Member of the New Jersey General Assembly from the 7th district
- In office January 11, 1994 – January 9, 1996
- Preceded by: Priscilla B. Anderson José F. Sosa
- Succeeded by: Diane Allen Carmine DeSopo

Personal details
- Born: May 14, 1958 (age 66) Philadelphia, Pennsylvania
- Political party: Democratic

= Steven M. Petrillo =

American politician (born 1958)

Steven M. Petrillo (born May 14, 1958) is an American Democratic Party politician who served in the New Jersey General Assembly from 1994 to 1996.

Born in Philadelphia in 1958, he grew up in Pennsauken Township and graduated from Pennsauken High School in 1976. He graduated from Dartmouth College in Hanover, New Hampshire, and Rutgers Law School in Camden and subsequently opened a private practice in his hometown.

Petrillo started his political career by being elected to the Pennsauken Township council in 1988 and serving as deputy mayor in 1991. He was also elected to the Camden County Board of Chosen Freeholders in 1992. In 1993, he ran in the Democratic primary for the two General Assembly seats up in the 7th Legislative District. He came in third place behind Jack Casey and George E. Williams. However, after Casey was named to replace the original Democratic primary winner for that district's state senate race, Petrillo was chosen to take Casey's place. Ultimately, Petrillo and Williams defeated incumbent Republicans Priscilla B. Anderson and José F. Sosa in the general election.

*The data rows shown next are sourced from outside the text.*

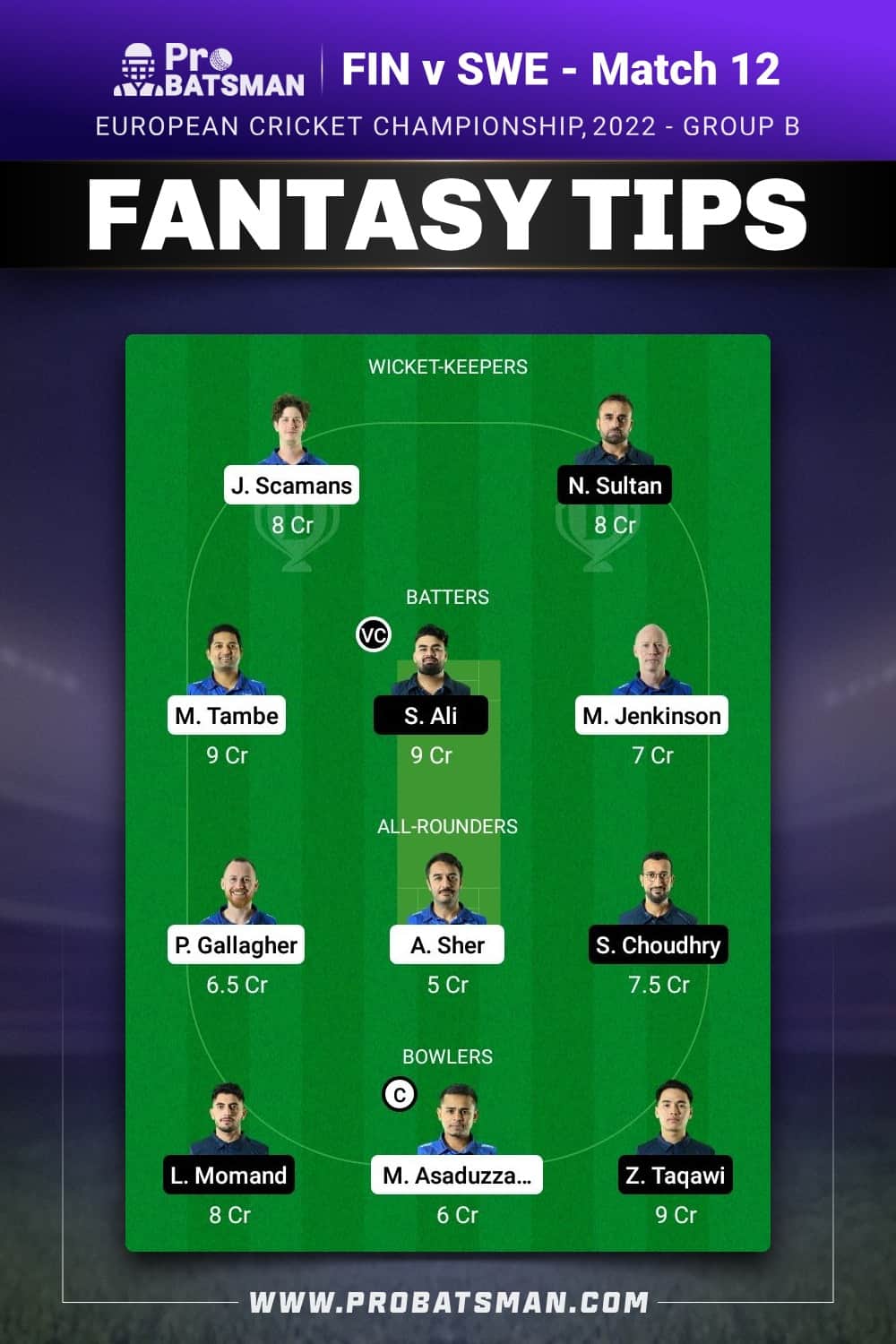 FIN vs SWE Dream11 Prediction - Fantasy Team 2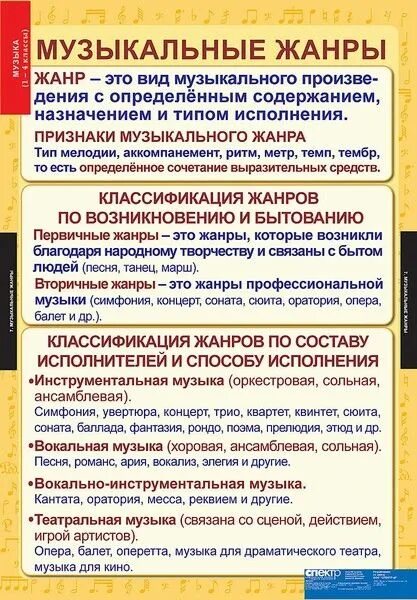 5 жанров музыкальной музыки. Музыкальные жанры. таблица музыкальных жанров. музыкальные жанры в музыке. музыкальные жанрыжанры.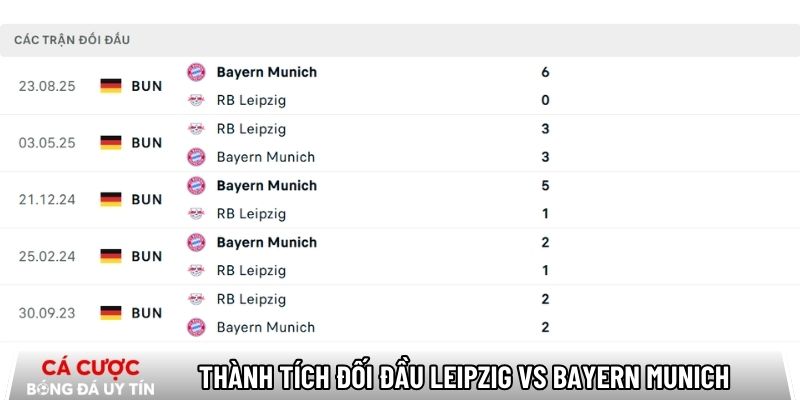 Thành tích đối đầu Leipzig vs Bayern Munich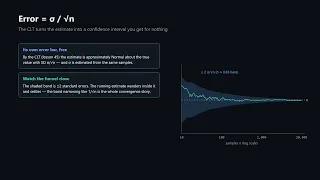 Monte Carlo Integration Computing Pi by Throwing Darts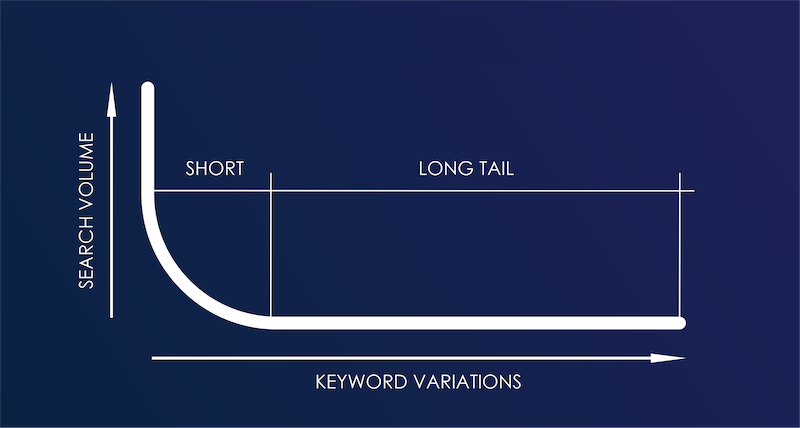 Từ khoá dài có volume ít hơn từ khoá ngắn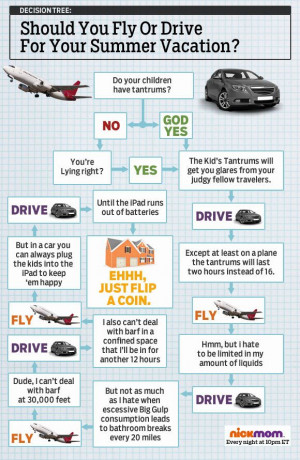 Should you fly or drive for your summer vacation?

He served one term in the Assembly. In the 1995 elections, Petrillo and newcomer Joseph P. Dugan (after Williams lost Democratic organizational support and subsequently switched his registration to Republican) lost to Diane Allen and Carmine DeSopo. Both parties spent a total of $1.1 million, making it the most expensive race that year and the first legislative race in the state to surpass $1 million in spending.